БИЛЕТ В ОДНУ СТОРОНУ


      После 73-ей ночи
      Тошнота неохотно отступила. Я смог выкарабкаться из кресла и доковылять до иллюминатора.
      Назад смотреть не буду: я дал себе этот зарок еще там. Не буду - и все.
      Я выглянул. Бесконечное черное пространство без верха и низа, без "право" и "лево". Словно россыпь пластинок слюды, впаянных в черное вулканическое стекло, то дальше, то ближе посверкивают звезды. Отсюда все выглядит иначе, но узнаваемо. Пропади оно все пропадом, кроме вон той... Сверлит меня единственным красноватым глазком, ждет... Да иду я, иду!
      В нос ударил кисловато-пронзительный запах - не дотянулся я несколько часов назад до ассенизатора. Теперь нужно все прибрать, иначе опять вывернет. Хотя - чем?! Хм... несколько часов назад я тоже задал себе этот вопрос и вернулся в кресло, самонадеянно решив, что нечем. Поспешил... Ничего, скоро кончится... Скоро все кончится...
      Голова страшно кружится. Проклятье: здоровый мужик, а как до этого доходит, так полощет, будто младенца... Пожалуй, приберу, потом отосплюсь.
      Голова моя, голова... Лихая голова...
      После 74-й ночи
      Снов не было. Вообще. Я так хотел. Значит, воля все еще со мной.
      Тут я сообразил, что по-прежнему веду отсчет от ТОЙ ночи... Но та ночь того стоит.
      Впервые в жизни не бунтую. Вот странно - бешенство не поднимается из середины груди и не бьет в затылок, как это частенько бывало со мной...
      Обрати внимание, ты уже разговариваешь с собой. Впрочем... с кем же мне еще говорить в этом челноке? Ближайший разумный источник сейчас уже, наверное, в четырех биллионах локтей от меня. Связь - односторонняя. И никто не захочет говорить со мной. Да как и я с ними. Я счастлив тем, что больше никогда не увижу их.
      Они мягко поступили со мной. Если собрать в кучу все, что я натворил за последние несколько лет, да присовокупить к этому ту ночь, отделенную теперь от меня роковым числом "74" (и отныне это число будет только увеличиваться, к счастью, недолго), то меня мало препарировать в живом виде, набить жмыхом и выставить на всеобщее оплевание. По крайней мере, я именно так бы и сделал. Там я выделывал шуточки и похуже этой.
      Небо, небо... В алмазах это небо. Рубин, освещенный Солнцем, стал сегодня еще ярче. И еще больше. Сколько же еще ночей до него? Пять? Шесть?
      После 76-й ночи
      Воля начала изменять мне. Я едва не увидел сегодня сон, а проснувшись, едва не посмотрел в ненавистный задний иллюминатор.
      Как бы там ни было, выбор я сделал сам. Любого другого на моем месте просто и быстро приговорили бы к казни и привели бы ее в исполнение безболезненно и чисто. Но я жил не как все - так почему бы мне и не умереть таким же образом? Там, где я хочу... Я никогда не искал простых путей. Даже захоти они вернуть меня и челнок, у них не хватило бы ресурсов на такой маневр.

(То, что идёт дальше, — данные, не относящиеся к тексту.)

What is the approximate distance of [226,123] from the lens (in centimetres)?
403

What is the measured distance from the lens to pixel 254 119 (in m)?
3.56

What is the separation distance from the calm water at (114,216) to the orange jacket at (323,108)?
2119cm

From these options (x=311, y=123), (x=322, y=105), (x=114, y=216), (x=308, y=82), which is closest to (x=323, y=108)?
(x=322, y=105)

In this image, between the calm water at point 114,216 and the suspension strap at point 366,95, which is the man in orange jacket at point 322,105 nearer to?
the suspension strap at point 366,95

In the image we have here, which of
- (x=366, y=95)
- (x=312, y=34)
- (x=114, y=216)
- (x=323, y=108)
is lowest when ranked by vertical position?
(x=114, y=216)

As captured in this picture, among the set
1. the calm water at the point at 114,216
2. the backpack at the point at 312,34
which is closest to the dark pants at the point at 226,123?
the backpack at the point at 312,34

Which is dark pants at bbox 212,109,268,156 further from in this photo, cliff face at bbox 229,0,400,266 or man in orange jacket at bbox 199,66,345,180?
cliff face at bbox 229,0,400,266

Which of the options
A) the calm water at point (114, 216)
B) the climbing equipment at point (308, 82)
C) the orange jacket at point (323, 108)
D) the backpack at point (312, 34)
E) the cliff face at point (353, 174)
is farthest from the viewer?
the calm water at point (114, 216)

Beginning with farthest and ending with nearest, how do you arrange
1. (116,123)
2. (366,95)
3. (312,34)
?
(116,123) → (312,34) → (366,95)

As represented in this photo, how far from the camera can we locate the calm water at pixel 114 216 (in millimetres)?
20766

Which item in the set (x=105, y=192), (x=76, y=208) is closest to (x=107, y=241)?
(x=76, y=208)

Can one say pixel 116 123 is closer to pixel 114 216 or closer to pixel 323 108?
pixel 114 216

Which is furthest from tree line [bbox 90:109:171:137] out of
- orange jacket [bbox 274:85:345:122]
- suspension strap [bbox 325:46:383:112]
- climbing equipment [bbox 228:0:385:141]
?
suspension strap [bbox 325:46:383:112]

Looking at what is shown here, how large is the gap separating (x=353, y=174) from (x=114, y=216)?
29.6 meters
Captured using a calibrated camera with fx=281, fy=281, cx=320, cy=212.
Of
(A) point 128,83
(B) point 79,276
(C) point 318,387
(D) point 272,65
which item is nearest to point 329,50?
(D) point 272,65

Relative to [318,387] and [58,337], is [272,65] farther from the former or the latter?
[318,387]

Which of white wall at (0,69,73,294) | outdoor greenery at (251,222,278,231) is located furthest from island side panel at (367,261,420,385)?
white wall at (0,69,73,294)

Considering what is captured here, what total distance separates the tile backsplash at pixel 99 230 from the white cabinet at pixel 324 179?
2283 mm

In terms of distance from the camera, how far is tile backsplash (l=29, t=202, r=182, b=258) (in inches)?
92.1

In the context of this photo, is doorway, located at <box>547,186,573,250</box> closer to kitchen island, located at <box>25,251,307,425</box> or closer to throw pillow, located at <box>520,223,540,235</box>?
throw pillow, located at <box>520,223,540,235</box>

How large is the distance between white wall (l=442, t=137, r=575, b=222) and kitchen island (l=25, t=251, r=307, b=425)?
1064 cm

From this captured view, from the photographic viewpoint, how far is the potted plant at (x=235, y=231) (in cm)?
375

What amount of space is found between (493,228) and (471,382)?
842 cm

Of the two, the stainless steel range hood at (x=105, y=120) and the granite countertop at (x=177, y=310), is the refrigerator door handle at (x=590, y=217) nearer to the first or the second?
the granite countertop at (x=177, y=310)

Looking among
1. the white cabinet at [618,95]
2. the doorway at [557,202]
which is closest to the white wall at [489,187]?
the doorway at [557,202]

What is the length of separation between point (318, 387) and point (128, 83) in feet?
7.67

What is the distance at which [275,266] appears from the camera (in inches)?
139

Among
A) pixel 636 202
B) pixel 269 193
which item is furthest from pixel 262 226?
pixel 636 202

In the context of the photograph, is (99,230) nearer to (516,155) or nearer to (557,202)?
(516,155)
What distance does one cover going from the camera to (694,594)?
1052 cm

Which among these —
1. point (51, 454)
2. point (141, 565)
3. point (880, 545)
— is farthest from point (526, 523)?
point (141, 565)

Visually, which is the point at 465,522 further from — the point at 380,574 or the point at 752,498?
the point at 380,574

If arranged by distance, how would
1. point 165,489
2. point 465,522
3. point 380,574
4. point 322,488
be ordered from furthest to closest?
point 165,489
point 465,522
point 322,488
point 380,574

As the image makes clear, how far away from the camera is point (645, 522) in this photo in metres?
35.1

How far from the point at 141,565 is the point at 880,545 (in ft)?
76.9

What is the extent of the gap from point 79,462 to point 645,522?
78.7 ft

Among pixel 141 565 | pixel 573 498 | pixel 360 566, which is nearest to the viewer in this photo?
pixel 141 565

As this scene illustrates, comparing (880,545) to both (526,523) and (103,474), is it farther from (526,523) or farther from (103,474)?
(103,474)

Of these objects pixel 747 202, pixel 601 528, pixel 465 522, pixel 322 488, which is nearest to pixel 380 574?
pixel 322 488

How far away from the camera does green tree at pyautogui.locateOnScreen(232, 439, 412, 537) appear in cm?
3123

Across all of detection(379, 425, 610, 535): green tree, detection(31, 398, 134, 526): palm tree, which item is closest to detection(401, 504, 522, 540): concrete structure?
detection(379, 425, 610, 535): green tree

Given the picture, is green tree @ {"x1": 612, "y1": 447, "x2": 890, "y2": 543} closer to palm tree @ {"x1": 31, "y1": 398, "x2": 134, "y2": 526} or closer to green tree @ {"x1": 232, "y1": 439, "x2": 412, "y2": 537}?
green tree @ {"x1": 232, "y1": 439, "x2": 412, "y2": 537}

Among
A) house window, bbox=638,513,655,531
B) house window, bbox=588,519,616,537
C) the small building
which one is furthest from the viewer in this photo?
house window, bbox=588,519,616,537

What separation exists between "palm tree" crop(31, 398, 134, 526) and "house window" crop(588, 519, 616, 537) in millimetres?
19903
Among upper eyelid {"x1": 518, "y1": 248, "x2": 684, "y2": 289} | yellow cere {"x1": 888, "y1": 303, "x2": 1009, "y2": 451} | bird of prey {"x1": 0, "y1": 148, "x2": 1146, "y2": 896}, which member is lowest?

      На рассмотрение моего дела у них ушла уйма времени - тоже не как у других преступников. Вспомнили, значит, моё "геройское" прошлое... Эхе-хе...
      Сегодня рубиновый шарик в иллюминаторе астронавта-смертника стал еще больше. Ждет меня...
      Проклятье. Ноет что-то. Робость? Наконец-то я узнал, что это такое, если это оно. Правда ли я боюсь увидеть то, что сегодня начало было мне сниться - своими глазами узреть то, с чем ни в какую не соглашался разум? Ну братец, это смешно. И нелепо.
      77-я ночь
      Решил не спать. Капсула автоматически отключила свет, но я прекрасно вижу и в темноте - как все бывшие заключенные. Мне ли жаловаться после трех месяцев одиночки?
      Вполне сносно различаю свое отражение в медном зеркале у ассенизатора. Свет рубинового шарика дружески помогает мне: после тюрьмы моя кожа посерела и утратила тот замечательный красновато-бронзовый цвет - отличительную черту, свойственную только моему народу. Теперь, в обманчивом свете, я готов верить, что восемнадцать лет вынужденного изгнания почти не изменили бывшего священнослужителя и, как признали на суде, исключительно талантливого ваятеля - то есть, меня. Хм, всегда приятно услышать, пусть это скажут тебе и перед самой казнью...
      Я провел рукой по затылку. Хорошо, что никто больше не увидит этой образины - я зверски оброс за эти месяцы. Отвратительные вихры, как у какого-то простолюдина, курчавились на некогда аккуратном куполе. Надо было в свое время свести их вместе с бородой и усами раз и навсегда...
      Я понял, что смеюсь. Чего только не делают люди от безделья и желания убежать от главного! Даже думают о внешности! Ну да ладно: все равно мне об этом больше никогда не придется думать...
      Ой, приятель, ой, выпустил бы я тебе кишки в свое время! Мимо такой обезьяньей рожи спокойно не пройдешь...
      После 80-й ночи
      Мой рубиновый шарик уже вовсе не рубиновый. Он занимает все пространство во всех фронтальных иллюминаторах челнока.
      Мой шанс. Мой. И я им воспользовался. Наверное, теперь эти недоноски жалеют, что дали мне его. Я подох бы от зависти, глядя на себя оттуда, откуда молча взирают сейчас на меня они. Может, они думают, что я раскаялся? Тогда это самая большая их ошибка.
      "...и сделает все, что от него зависит, для того, чтобы отметить наше существование перед будущими поколениями. Иными словами, то, что не успели сделать мы".
      Сейчас! Как бы не так! Дай только ступить на рыжевато-бурый грунт, погладить высохшую траву... все равно запасов воздуха хватит ровно на неделю. Пищи - на пять дней. Веселенькую смерть уготовили мне сородичи! Как бы не так. Сделаю я все, что от меня зависит, как же!..
      По прошествии 3-х часов
      Я бы сделал это, сделал. Клянусь всем святым, если оно есть! Но все пошло не так, как я думал.
      Капсула грохнулась в пыль как раз посреди руин города. Моего города. Они сделали это нарочно, ублюдки.
      Когда багровые клубы осели и улеглись, а рыжий туман рассеялся, я понял: из всех построек остались только самые большие наши храмы, да и те были - о, в каком виде они были!..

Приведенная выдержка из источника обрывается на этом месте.